Un comité cacophonique

Les couteaux volaient bas durant ce comité entre le ministre Rodriguez et les députés de l’opposition. Le ministre qui comparaissait dès la première heure a eu plusieurs échanges acrimonieux, notamment avec le député conservateur Joël Godin et le bloquiste Mario Beaulieu.

L’opposition conservatrice a notamment relancé M. Rodriguez sur le fait que le titre de ministre des Langues officielles n’est pas mentionné une seule fois dans le projet de loi contrairement à celui du ministre de Patrimoine canadien, qui l’est une vingtaine de fois.

Le conservateur Joël Godin a même avancé que la ministre Petitpas Taylor était « votre représentante », ce qui a soulevé l’ire de M. Rodriguez assurant qu’elle est « ministre en titre ».

« Ce que j’entends, c’est que ce n’est pas vous qui avez le contrôle et ce n’est pas la ministre des Langues officielles, alors pourquoi ne pas accepter d’envoyer tous les pouvoirs au Conseil du Trésor », a toutefois répété en levant la voix le député conservateur Joël Godin.

« Vous pouvez poser la même question trois fois. Je vous l’ai déjà dit, M. Godin, la responsabilité incombe à la ministre des Langues officielles. Ça fait longtemps que vous n’avez pas été au pouvoir parce que vous ne comprenez pas comment ça fonctionne », a lâché Pablo Rodriguez, accusant son interlocuteur de poser des questions « pas pertinentes ».
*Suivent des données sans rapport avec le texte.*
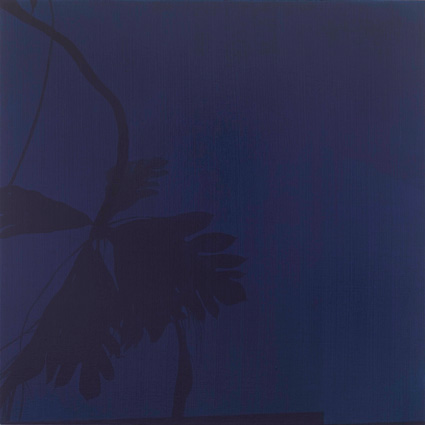 Artwork: Shadow
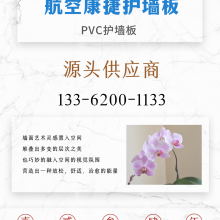 ӦˮԻӡˢPVCɫĤ ǽ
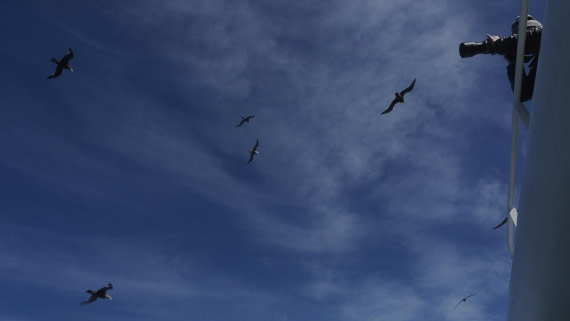 HDS25-25, Day 2, APMG0688 © Andy Perkins - Oceanwide Expeditions.JPG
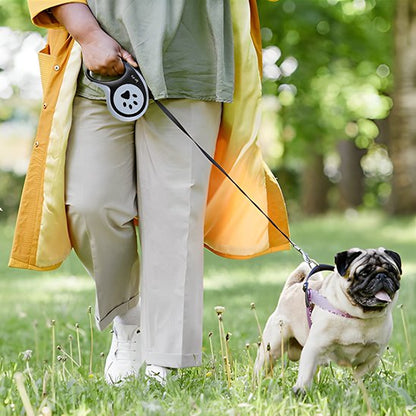 laisse pour chien retractble iberty marche maitre noir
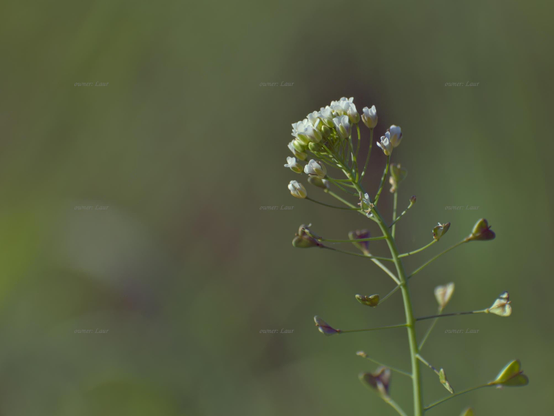 Flowers, closeup, color, photo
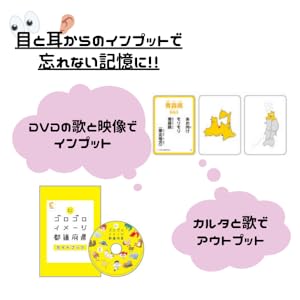 七田式　ゴロゴロイメージ都道府県　世界の国 七田式 ゴロゴロイメージ都道府県 ゴロゴロイメージ世界の国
Ce dernier a toutefois convenu à sa sortie du comité que l’absence de mention de la ministre des langues officielles n’était pas normale.

Le ministre du Patrimoine canadien Pablo Rodriguez s’est fait pousser par l’opposition concernant C-13 .La Presse canadienne/Patrick Doyle

Ce type d’échange s’est déroulé pendant une bonne partie du passage de M. Rodriguez. Ce dernier traitant l’attitude de Mario Beaulieu de « baveuse » ou le député indépendantiste accusant son collègue québécois de véhiculer de la fausse information. Ce dernier en a rajouté après coup devant les journalistes, soutenant qu’être baveux était plutôt « la marque de commerce » du ministre du Patrimoine canadien.
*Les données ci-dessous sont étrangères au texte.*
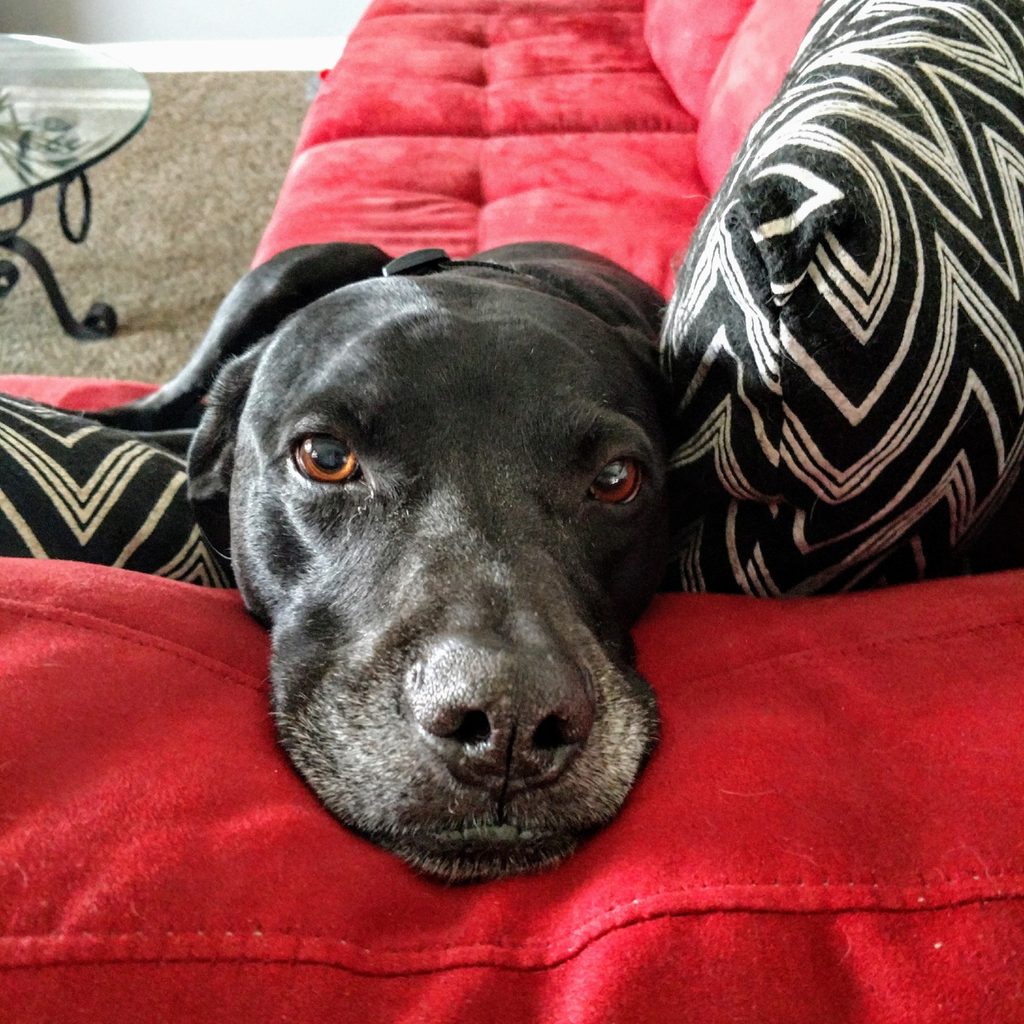 Famous Shamus, a black lab/pit/Dane mix with some gray on his snout, lies his head down on the arm of a red couch, next to some geometric black and white pillows
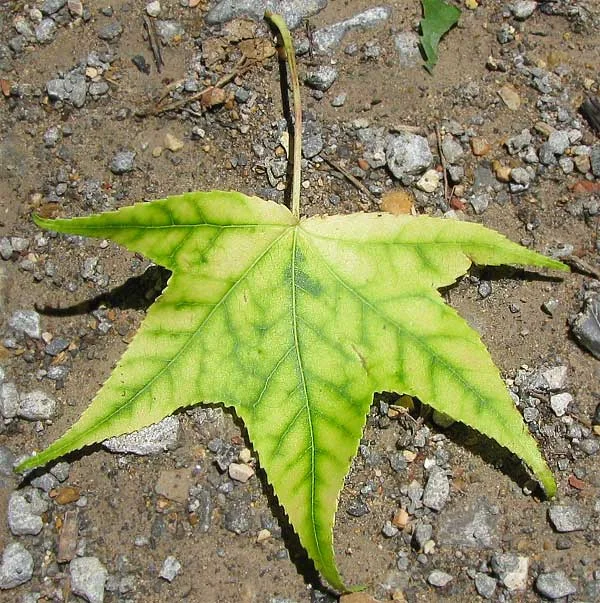 Horticultural diagnostic showing pepper leaf interveinal chlorosis from nutrient deficiency vs healthy green foliage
« C’est la première fois en sept ans que je suis assis ici et que je vois que ça se déroule comme ça autour de la table », a déploré le président du comité René Arsenault en milieu de séance, quelques instants après que les conservateurs et libéraux se soient envoyé des flèches au sujet du bilinguisme des juges à la Cour suprême.

Dès mardi, le comité sera rendu à la phase d’évaluer article par article, le projet de loi et donc d’accepter ou rejeter, à la suite d’un vote, les amendements proposés par les parlementaires.